H&E staining experiments were performed according to previous report (Feldman and Wolfe, 2014). All the mouse lung tissues were fixed in 4% paraformaldehyde for 24 hours, embedded in paraffin and cut into 4 μm sections. Then all the sections were stained with hematoxylin solution for 3-5 minutes, rinsed with tap water. Then the sections were treated with hematoxylin differentiation solution, and rinsed with tap water. After that, the sections were treated with hematoxylin scott tap bluing, and rinsed with tap water. The sections were dehydrated in 85% ethanol for 5 minutes, followed by in 95% ethanol for 5 minutes. Finally, the sections were stained with eosin dye for 5 minutes. After a series of dehydration, all the sections were sealed with neutral gum. Each section was examined under the microscope, with the slides randomly read and examined for tissue damage, necrosis, and inflammatory cellular infiltration.
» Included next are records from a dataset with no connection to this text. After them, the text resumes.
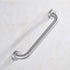 GANFANREN 304 Shower Handle,Shower Grab Bar,Grab Bars Handle Safety Support Hand Rails, Bathroom Grab Bars Brushed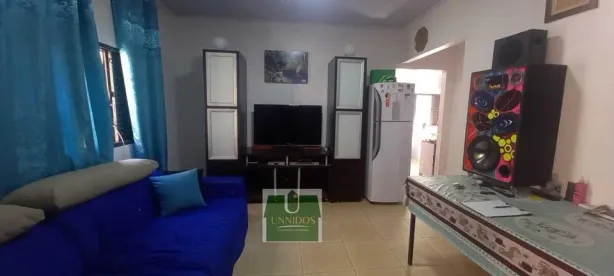 Casa com 3 Quartos à venda, 78m² no Setor Habitacional Sol Nascente, Brasília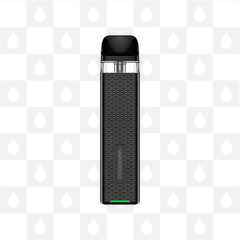 Vaporesso XROS 3 Mini Pod Kit, Selected Colour: Black 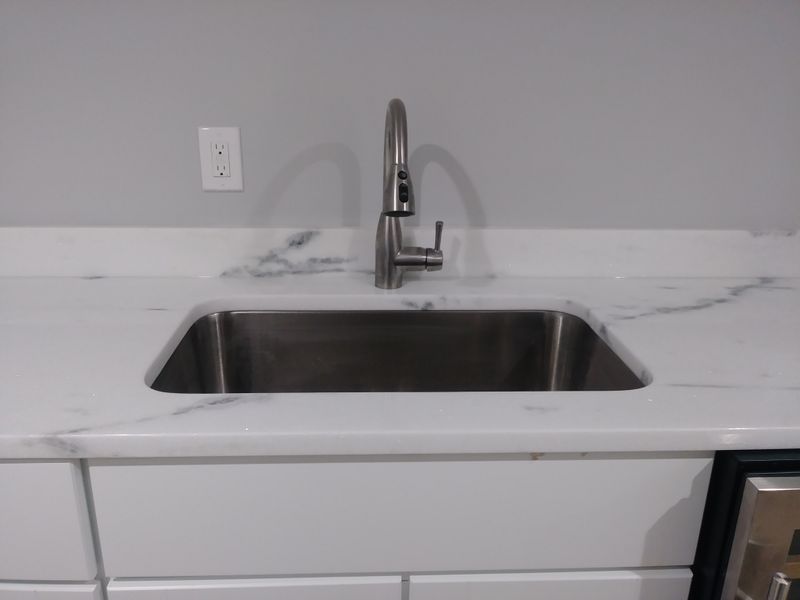 Kitchen Fixtures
Quantification and statistical analysis

Statistical significance was assigned when P values were < 0.05 and the statistical method was indicated in the corresponding figure legends. The Normally distributed measurement data were determined with unpaired Student’s t test. The Non-normal distributed measurement data were determined by nonparametric Mann-Whitney U-test or Wilcoxon signed-rank test. Correlations between clinical parameters were analyzed by spearman’s rank correlation coefficient. The statistical significance of differences for survival rates was determined with Log rank test or Fisher’s exact test as described in figure legends. For all tests, P value < 0.05 was considered significant (^∗). p < 0.01, very significant (^∗∗). p < 0.001, extremely significant (^∗∗∗).

Published: December 3, 2021

Data and code availability

All the data reported in this paper will be shared by the lead contact upon request. This paper does not report original code.

Any additional information required to reanalyze the data reported in this paper is available from the lead contact upon request.